A variety of low-cost carbonaceous solids have been successfully tested in bioreactors designed for nitrate treatment. In many agricultural and wastewater settings, however, such reactors may be practical only if they are maintenance free for a number of years after installation. Although field installations have demonstrated consistent treatment over multi-year timeframes, the ability to accurately quantify slowly declining reaction rates in field settings is problematic because of variations in reactor flow rates, ambient temperatures and influent chemistry. In this study, laboratory column tests were undertaken on four samples of coarse wood particle media (woodchips), two that were fresh and two that had been in continuous operation in subsurface denitrifying bioreactors for periods of 2 and 7 years respectively.
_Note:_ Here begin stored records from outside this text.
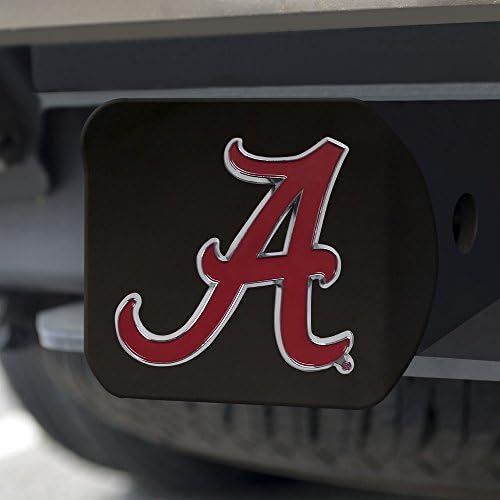 University of Alabama NCAA Black Metal Hitch Cover by FANMATS - Image 2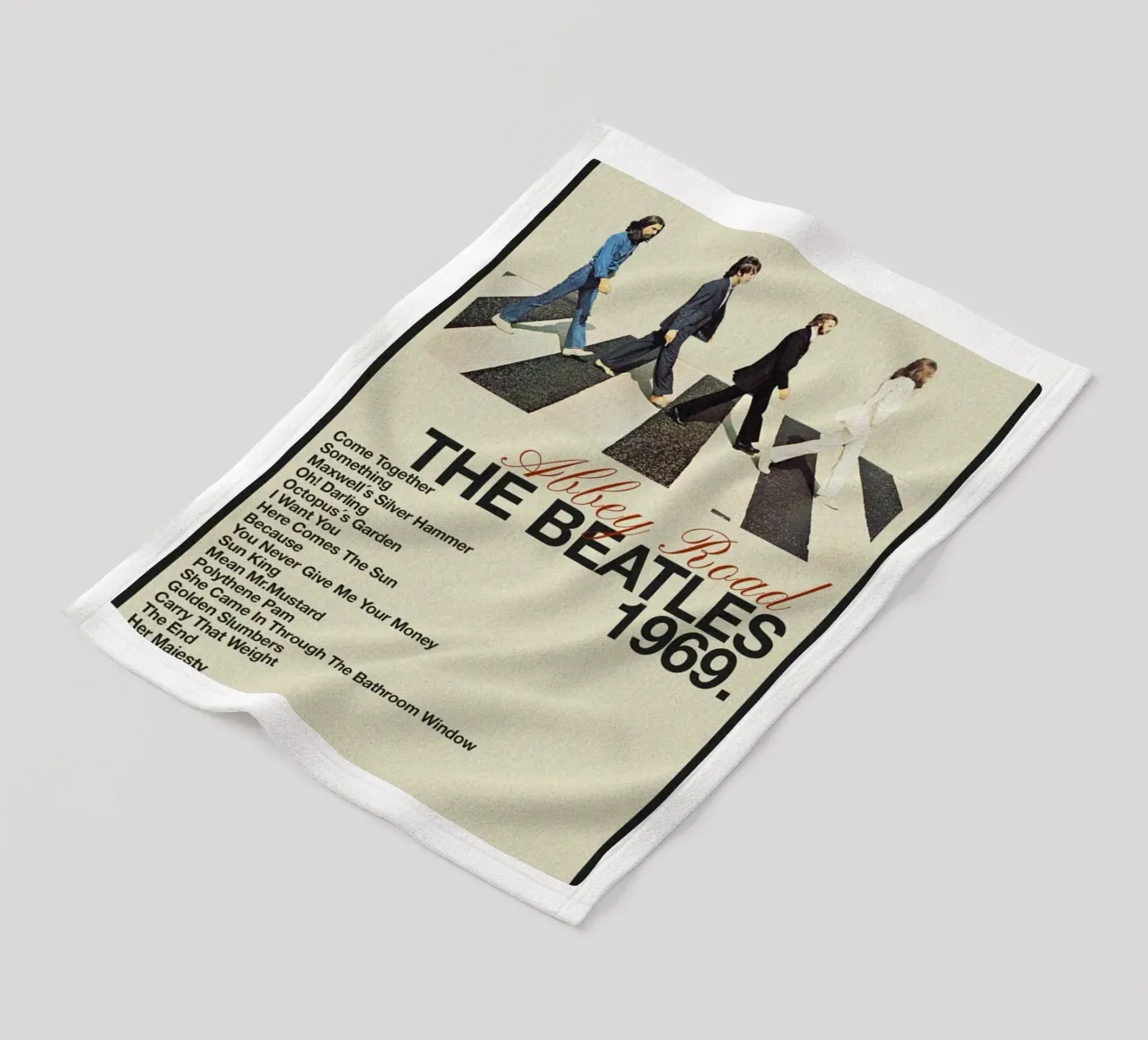 Beatles Night Of Legends fleece blanket by nabcu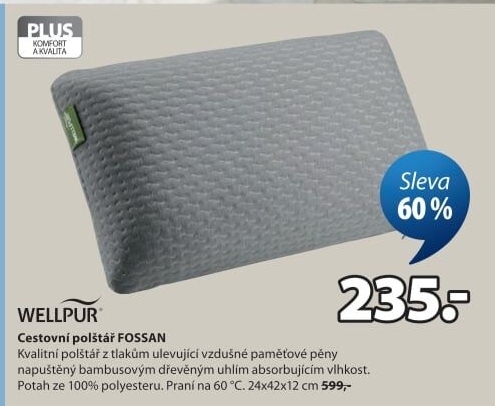 Polštář cestovní Wellpur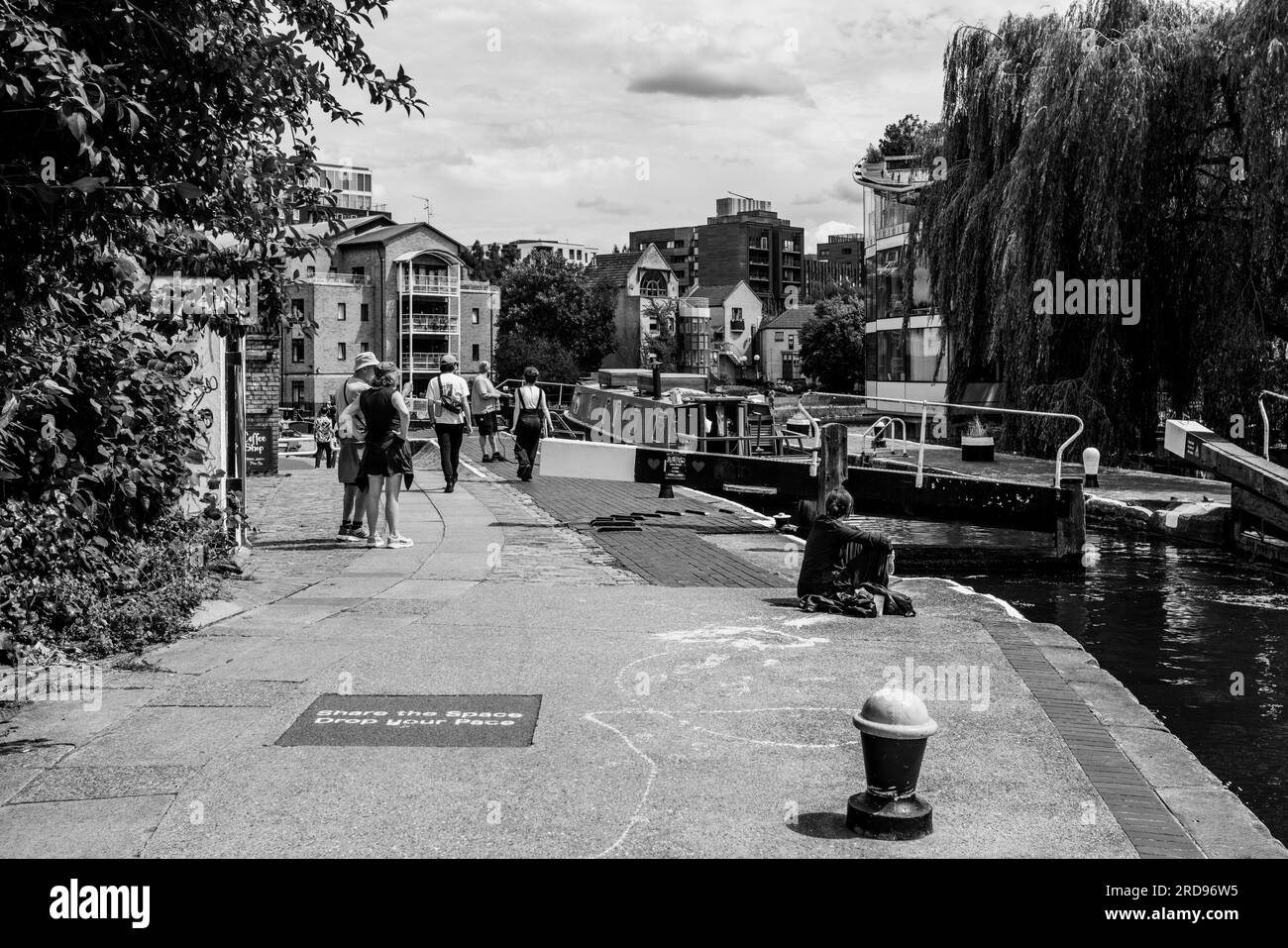 Le long du Regent's Canal London Banque D'Images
Four experimental runs were undertaken at increasing influent NO 3-N concentrations of from 3.1 to 48.8 mg N L −1. Nitrate mass removal rates remained relatively constant and did not systematically increase in successive runs at higher NO 3 concentrations indicating that NO 3 was not the rate-limiting substrate at these concentrations. Thus, zero-order reaction kinetics were used to model the attenuation reaction (presumably denitrification). The 7-year-old media had a mean NO 3-N removal rate of 9.1 mg N L −1 d −1 (6.4 g N m −3 media d −1), which remained within 75% of the rate for the 2-year-old media (12.1 mg N L −1 d −1 or 8.5 g N m −3 media d −11) and within 40–59% of the rate for the fresh chips (15.4–23.0 mg N L −1 d −1 or 10.8–16.1 g N m −3 media d −1). Results support field experience indicating that woodchips loose about 50% of their reactivity during their first year of operation as soluble organic compounds are leached out, but then relatively stable rates persist for a considerable number of years thereafter.